Néanmoins une scène illustre tout de même un rapport ambigu entre le bon docteur blanc et un peuple de l’hémisphère Sud. Lors de sa convalescence en Egypte, le Dr Ehrlich est appelé à soigner un enfant égyptien mordu par un serpent. Même si cette scène n’est pas choquante, la figure du médecin blanc venant apporter son savoir et ses compétences à une famille égyptienne conforte l’idée d’une vision supérieure de l’Occident. D’autant que le père de l’enfant mordu a également des connaissances ; il explique lui-même avoir déjà été mordu auparavant par un serpent et explique une évolution dans ses réactions. Il a donc un savoir plus empirique qu’Ehrlich mais ce sont les connaissances théoriques (et occidentales) qui sont considérées comme valables.

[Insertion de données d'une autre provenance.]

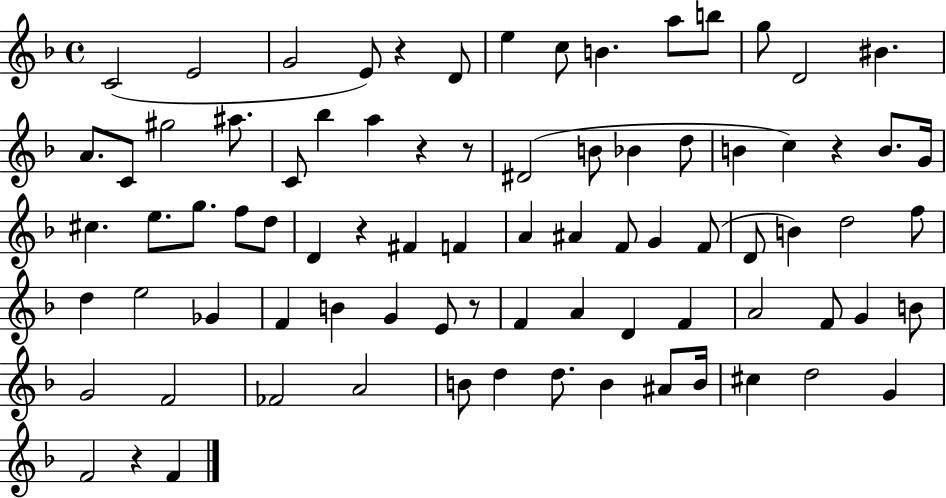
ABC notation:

X:1
T:Untitled
M:4/4
L:1/4
K:F
C2 E2 G2 E/2 z D/2 e c/2 B a/2 b/2 g/2 D2 ^B A/2 C/2 ^g2 ^a/2 C/2 _b a z z/2 ^D2 B/2 _B d/2 B c z B/2 G/4 ^c e/2 g/2 f/2 d/2 D z ^F F A ^A F/2 G F/2 D/2 B d2 f/2 d e2 _G F B G E/2 z/2 F A D F A2 F/2 G B/2 G2 F2 _F2 A2 B/2 d d/2 B ^A/2 B/4 ^c d2 G F2 z F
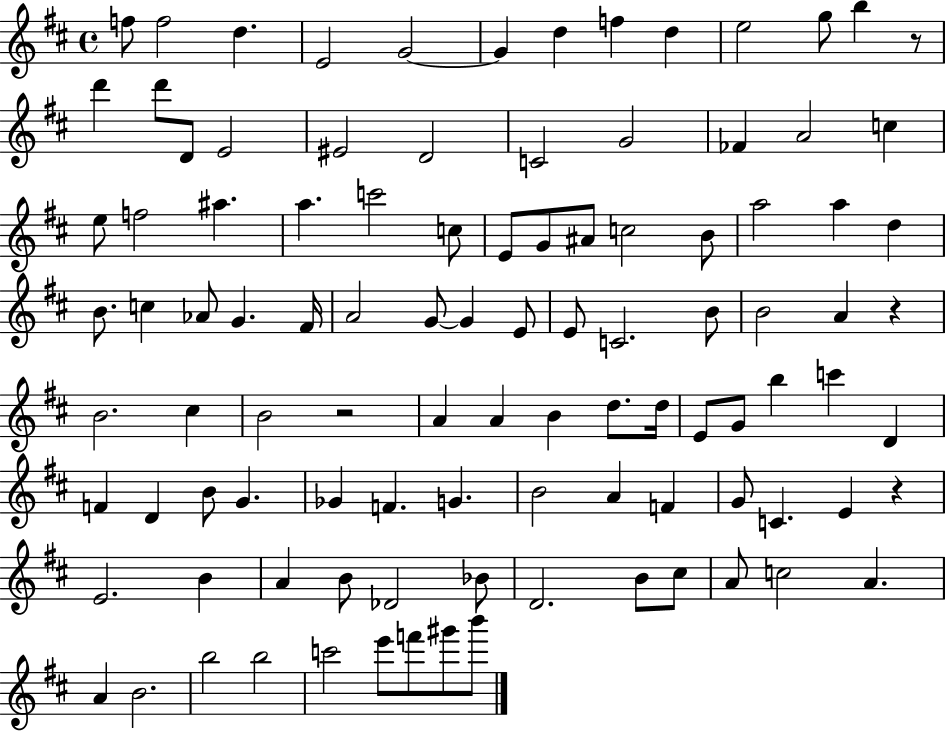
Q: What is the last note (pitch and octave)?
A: B6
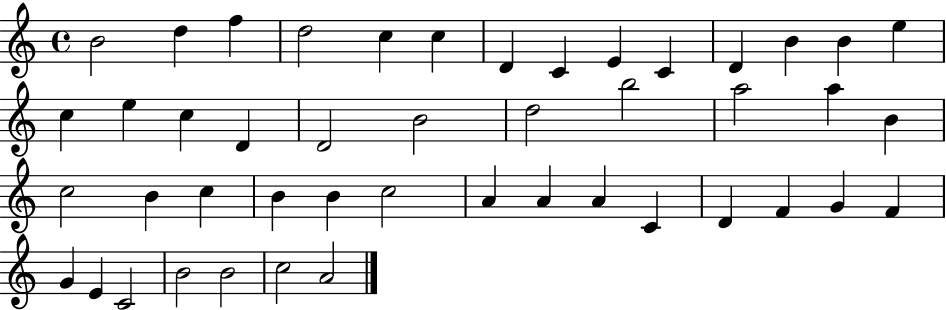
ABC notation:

X:1
T:Untitled
M:4/4
L:1/4
K:C
B2 d f d2 c c D C E C D B B e c e c D D2 B2 d2 b2 a2 a B c2 B c B B c2 A A A C D F G F G E C2 B2 B2 c2 A2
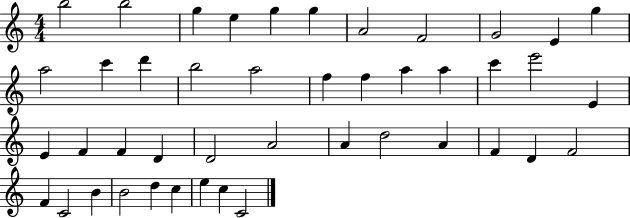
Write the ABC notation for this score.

X:1
T:Untitled
M:4/4
L:1/4
K:C
b2 b2 g e g g A2 F2 G2 E g a2 c' d' b2 a2 f f a a c' e'2 E E F F D D2 A2 A d2 A F D F2 F C2 B B2 d c e c C2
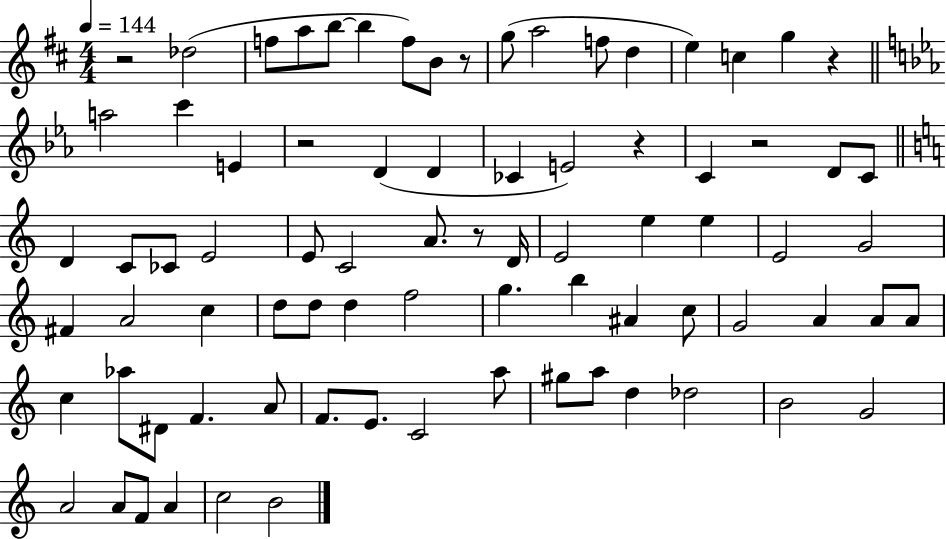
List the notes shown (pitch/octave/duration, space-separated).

R/h Db5/h F5/e A5/e B5/e B5/q F5/e B4/e R/e G5/e A5/h F5/e D5/q E5/q C5/q G5/q R/q A5/h C6/q E4/q R/h D4/q D4/q CES4/q E4/h R/q C4/q R/h D4/e C4/e D4/q C4/e CES4/e E4/h E4/e C4/h A4/e. R/e D4/s E4/h E5/q E5/q E4/h G4/h F#4/q A4/h C5/q D5/e D5/e D5/q F5/h G5/q. B5/q A#4/q C5/e G4/h A4/q A4/e A4/e C5/q Ab5/e D#4/e F4/q. A4/e F4/e. E4/e. C4/h A5/e G#5/e A5/e D5/q Db5/h B4/h G4/h A4/h A4/e F4/e A4/q C5/h B4/h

Il est donc difficile d’utiliser l’argument contextuel dans ce cas, puisque le film est axé sur les questions raciales et les questionne.

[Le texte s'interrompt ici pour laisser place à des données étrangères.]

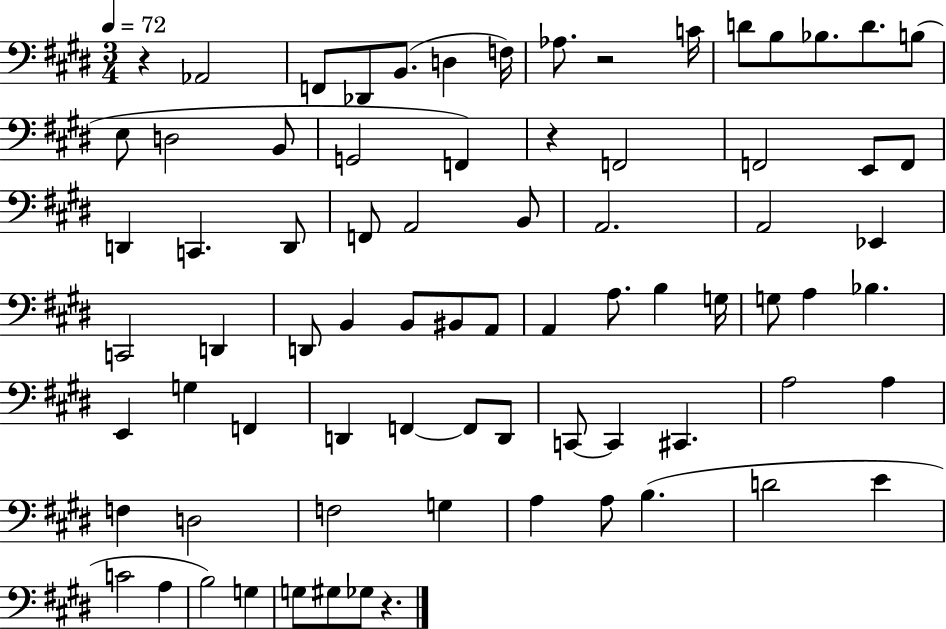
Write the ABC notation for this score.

Cela dit, cette scène sert à introduire les prochaines recherches du Dr Ehrlich à son retour d’Egypte puisqu’il décidera de travailler sur le venin de serpent. Il ne s’agit pas de considérer ce film comme impérialiste puisque l’ensemble est, comme nous l’avons dit, un plaidoyer humaniste. Soyons simplement conscient.e de la relation mise en scène et suivons encore une fois le conseil de Lederer et Parascandola (1998) qui est de regarder le film dans son jus.


Conclusion
La figure ici incarnée est celle, comme l’a relevé Martin Wrinckler (2006), du médecin humaniste, brave et courageux. Un héros modeste comme on les imagine, travaillant sans cesse afin de soulager les plus vulnérables, comme lorsqu’il décide de soigner tous les enfants de l’un des hôpitaux où il exerce malgré les ordres contraires de son directeur. En outre, le film ne parle pas que de médecine comme nous l’avons vu et transmet des opinions en opposition aux opinions majoritaires de l’époque. Des opinions empreintes d’humanisme et dénuées de racisme. Dr Ehrlich’s Magic Bullet mérite donc aujourd’hui d’être (re)découvert autant par les futur.es médecins que par les cinéphiles pour la modernité de ses thématiques, ses qualités formelles et son style un peu désuet mais dont le charme opère toujours.